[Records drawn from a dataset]

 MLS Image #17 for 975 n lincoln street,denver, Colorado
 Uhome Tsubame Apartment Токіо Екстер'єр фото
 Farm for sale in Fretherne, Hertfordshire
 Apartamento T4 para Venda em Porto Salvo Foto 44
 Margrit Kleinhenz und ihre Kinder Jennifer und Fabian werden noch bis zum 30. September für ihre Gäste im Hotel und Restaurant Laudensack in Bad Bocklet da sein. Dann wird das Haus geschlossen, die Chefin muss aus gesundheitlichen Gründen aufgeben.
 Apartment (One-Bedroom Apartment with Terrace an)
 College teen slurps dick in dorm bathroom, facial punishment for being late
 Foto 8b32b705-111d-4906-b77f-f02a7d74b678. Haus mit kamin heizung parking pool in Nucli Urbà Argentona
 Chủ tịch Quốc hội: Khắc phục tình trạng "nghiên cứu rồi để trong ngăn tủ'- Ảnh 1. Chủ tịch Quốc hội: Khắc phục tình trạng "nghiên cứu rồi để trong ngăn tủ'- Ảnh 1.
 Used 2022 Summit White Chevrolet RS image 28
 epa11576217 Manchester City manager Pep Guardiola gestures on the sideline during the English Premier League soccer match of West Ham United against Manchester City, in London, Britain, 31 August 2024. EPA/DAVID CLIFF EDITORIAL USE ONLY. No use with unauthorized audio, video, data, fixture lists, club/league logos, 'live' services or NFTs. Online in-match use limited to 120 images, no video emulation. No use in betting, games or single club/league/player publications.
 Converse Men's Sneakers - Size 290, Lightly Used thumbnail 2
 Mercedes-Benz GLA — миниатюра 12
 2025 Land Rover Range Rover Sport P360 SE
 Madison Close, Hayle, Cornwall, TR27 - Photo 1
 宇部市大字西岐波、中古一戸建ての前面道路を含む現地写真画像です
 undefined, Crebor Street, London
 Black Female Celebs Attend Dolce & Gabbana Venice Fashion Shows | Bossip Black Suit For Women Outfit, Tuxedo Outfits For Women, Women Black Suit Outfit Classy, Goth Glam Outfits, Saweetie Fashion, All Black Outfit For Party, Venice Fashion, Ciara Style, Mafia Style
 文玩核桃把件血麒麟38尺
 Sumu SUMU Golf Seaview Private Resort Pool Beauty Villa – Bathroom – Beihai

ACTIVITY: Report each line in the preceding entries that holds the string "Haus".

EXPECTED OUTPUT:
 Margrit Kleinhenz und ihre Kinder Jennifer und Fabian werden noch bis zum 30. September für ihre Gäste im Hotel und Restaurant Laudensack in Bad Bocklet da sein. Dann wird das Haus geschlossen, die Chefin muss aus gesundheitlichen Gründen aufgeben.
 Foto 8b32b705-111d-4906-b77f-f02a7d74b678. Haus mit kamin heizung parking pool in Nucli Urbà Argentona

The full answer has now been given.